::: Excerpted data

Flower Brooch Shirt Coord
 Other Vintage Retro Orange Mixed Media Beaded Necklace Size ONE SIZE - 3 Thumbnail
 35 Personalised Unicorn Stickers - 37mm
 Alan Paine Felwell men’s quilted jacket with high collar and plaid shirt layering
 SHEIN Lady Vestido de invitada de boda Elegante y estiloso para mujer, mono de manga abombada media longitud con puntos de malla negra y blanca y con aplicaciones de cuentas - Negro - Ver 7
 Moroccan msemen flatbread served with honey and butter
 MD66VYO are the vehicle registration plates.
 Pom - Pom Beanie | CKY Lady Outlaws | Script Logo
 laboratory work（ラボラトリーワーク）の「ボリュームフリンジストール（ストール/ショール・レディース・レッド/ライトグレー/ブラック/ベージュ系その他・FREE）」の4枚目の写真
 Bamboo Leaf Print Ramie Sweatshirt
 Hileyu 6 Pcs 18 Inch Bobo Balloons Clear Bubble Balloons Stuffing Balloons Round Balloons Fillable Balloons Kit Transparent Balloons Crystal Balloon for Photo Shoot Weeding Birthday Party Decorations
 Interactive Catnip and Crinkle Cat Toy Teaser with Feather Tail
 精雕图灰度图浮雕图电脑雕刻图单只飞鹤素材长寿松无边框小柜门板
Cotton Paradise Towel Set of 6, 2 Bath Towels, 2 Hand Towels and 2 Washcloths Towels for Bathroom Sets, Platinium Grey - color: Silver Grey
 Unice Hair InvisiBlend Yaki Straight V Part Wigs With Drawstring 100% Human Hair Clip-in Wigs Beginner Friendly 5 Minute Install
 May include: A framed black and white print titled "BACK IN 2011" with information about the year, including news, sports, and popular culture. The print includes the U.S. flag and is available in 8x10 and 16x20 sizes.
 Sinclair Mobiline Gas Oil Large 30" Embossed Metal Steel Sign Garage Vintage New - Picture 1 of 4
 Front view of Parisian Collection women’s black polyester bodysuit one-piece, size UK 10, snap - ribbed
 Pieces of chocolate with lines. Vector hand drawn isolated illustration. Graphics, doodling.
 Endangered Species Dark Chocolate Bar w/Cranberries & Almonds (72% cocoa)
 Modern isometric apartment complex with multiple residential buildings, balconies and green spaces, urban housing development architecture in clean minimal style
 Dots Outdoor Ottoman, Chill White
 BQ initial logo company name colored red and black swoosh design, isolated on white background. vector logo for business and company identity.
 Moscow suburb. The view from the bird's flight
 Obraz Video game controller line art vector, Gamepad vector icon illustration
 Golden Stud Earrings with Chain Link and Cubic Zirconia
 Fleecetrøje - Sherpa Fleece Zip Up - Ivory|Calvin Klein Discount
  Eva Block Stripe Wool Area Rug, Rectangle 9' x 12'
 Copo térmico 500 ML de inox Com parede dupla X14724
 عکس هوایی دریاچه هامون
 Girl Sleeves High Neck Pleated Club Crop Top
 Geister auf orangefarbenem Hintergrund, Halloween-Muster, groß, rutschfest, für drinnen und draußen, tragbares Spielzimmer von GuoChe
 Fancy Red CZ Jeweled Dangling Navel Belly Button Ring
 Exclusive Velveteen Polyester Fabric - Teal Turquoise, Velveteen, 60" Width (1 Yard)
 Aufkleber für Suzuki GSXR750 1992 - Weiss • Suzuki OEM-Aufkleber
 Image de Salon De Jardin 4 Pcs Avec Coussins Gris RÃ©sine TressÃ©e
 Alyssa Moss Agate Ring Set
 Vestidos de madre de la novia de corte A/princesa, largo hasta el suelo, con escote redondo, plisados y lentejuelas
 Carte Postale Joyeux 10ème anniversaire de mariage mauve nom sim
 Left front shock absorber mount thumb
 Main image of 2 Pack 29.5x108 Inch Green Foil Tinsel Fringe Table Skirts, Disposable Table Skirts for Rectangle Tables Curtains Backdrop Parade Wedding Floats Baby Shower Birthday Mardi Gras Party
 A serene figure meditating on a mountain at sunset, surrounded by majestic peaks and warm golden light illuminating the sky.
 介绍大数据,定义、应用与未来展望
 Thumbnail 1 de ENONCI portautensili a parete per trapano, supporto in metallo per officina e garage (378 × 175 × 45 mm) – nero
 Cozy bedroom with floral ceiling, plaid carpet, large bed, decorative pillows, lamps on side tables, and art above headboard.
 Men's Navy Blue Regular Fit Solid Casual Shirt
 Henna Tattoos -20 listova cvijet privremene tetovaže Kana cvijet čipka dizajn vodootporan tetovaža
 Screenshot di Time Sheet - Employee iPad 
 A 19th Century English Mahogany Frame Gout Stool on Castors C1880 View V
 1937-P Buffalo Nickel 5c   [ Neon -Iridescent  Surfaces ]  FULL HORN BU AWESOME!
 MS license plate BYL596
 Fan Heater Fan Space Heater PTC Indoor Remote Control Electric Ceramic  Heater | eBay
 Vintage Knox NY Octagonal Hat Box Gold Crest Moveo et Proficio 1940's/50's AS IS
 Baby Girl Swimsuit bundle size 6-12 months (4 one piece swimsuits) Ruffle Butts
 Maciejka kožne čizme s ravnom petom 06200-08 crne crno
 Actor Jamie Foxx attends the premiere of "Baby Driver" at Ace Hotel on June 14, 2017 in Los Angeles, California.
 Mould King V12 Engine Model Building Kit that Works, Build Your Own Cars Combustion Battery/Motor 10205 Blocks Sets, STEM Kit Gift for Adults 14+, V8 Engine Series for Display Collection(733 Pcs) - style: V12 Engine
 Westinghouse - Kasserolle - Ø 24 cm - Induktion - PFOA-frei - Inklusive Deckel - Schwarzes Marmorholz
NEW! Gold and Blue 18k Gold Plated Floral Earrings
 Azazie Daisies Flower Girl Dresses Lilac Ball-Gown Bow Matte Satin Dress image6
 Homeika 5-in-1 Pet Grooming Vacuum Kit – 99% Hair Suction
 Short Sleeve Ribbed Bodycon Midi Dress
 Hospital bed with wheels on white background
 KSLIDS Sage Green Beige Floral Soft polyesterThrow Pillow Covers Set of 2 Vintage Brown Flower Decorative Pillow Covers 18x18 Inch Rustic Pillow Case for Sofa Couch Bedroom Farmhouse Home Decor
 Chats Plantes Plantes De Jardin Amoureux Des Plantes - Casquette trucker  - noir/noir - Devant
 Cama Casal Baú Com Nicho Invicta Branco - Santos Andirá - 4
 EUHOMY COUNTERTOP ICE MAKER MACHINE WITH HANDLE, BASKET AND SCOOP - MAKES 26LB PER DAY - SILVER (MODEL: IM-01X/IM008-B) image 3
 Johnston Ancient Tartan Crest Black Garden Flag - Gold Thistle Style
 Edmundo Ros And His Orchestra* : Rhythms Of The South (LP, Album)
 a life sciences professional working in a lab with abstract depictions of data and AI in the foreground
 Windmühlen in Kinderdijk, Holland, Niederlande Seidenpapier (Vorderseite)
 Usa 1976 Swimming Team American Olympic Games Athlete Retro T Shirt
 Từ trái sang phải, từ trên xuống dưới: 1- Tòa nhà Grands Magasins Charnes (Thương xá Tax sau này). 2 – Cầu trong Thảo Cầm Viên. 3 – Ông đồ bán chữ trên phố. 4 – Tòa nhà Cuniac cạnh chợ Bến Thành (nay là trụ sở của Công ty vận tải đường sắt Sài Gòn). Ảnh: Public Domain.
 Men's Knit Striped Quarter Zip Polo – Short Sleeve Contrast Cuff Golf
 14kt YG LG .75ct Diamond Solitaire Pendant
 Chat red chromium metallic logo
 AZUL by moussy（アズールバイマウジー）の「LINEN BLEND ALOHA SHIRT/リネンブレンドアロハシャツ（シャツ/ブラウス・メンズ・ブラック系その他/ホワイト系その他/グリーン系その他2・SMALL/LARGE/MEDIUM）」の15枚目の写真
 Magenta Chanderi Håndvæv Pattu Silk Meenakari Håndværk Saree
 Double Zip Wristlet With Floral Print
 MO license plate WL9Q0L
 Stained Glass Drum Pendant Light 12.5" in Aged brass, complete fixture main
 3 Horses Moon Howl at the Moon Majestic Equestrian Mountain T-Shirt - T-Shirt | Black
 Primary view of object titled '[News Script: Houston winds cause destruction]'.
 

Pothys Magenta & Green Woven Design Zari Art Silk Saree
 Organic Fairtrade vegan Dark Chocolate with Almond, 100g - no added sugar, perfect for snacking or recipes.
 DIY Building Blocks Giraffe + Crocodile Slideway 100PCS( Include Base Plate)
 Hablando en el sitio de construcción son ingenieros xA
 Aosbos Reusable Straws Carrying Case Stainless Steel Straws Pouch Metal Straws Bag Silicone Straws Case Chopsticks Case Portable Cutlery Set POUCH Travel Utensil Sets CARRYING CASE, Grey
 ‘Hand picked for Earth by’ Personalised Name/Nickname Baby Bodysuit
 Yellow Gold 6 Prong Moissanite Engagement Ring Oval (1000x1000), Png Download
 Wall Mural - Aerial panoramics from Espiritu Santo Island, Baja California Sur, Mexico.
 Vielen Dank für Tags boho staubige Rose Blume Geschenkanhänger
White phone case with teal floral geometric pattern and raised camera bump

::::::

Exactly as they stand, please print the lines from the first line of the records above down to the line that includes "Pieces of chocolate", both of those included and no others.

**Solution to the problem**
Flower Brooch Shirt Coord
 Other Vintage Retro Orange Mixed Media Beaded Necklace Size ONE SIZE - 3 Thumbnail
 35 Personalised Unicorn Stickers - 37mm
 Alan Paine Felwell men’s quilted jacket with high collar and plaid shirt layering
 SHEIN Lady Vestido de invitada de boda Elegante y estiloso para mujer, mono de manga abombada media longitud con puntos de malla negra y blanca y con aplicaciones de cuentas - Negro - Ver 7
 Moroccan msemen flatbread served with honey and butter
 MD66VYO are the vehicle registration plates.
 Pom - Pom Beanie | CKY Lady Outlaws | Script Logo
 laboratory work（ラボラトリーワーク）の「ボリュームフリンジストール（ストール/ショール・レディース・レッド/ライトグレー/ブラック/ベージュ系その他・FREE）」の4枚目の写真
 Bamboo Leaf Print Ramie Sweatshirt
 Hileyu 6 Pcs 18 Inch Bobo Balloons Clear Bubble Balloons Stuffing Balloons Round Balloons Fillable Balloons Kit Transparent Balloons Crystal Balloon for Photo Shoot Weeding Birthday Party Decorations
 Interactive Catnip and Crinkle Cat Toy Teaser with Feather Tail
 精雕图灰度图浮雕图电脑雕刻图单只飞鹤素材长寿松无边框小柜门板
Cotton Paradise Towel Set of 6, 2 Bath Towels, 2 Hand Towels and 2 Washcloths Towels for Bathroom Sets, Platinium Grey - color: Silver Grey
 Unice Hair InvisiBlend Yaki Straight V Part Wigs With Drawstring 100% Human Hair Clip-in Wigs Beginner Friendly 5 Minute Install
 May include: A framed black and white print titled "BACK IN 2011" with information about the year, including news, sports, and popular culture. The print includes the U.S. flag and is available in 8x10 and 16x20 sizes.
 Sinclair Mobiline Gas Oil Large 30" Embossed Metal Steel Sign Garage Vintage New - Picture 1 of 4
 Front view of Parisian Collection women’s black polyester bodysuit one-piece, size UK 10, snap - ribbed
 Pieces of chocolate with lines. Vector hand drawn isolated illustration. Graphics, doodling.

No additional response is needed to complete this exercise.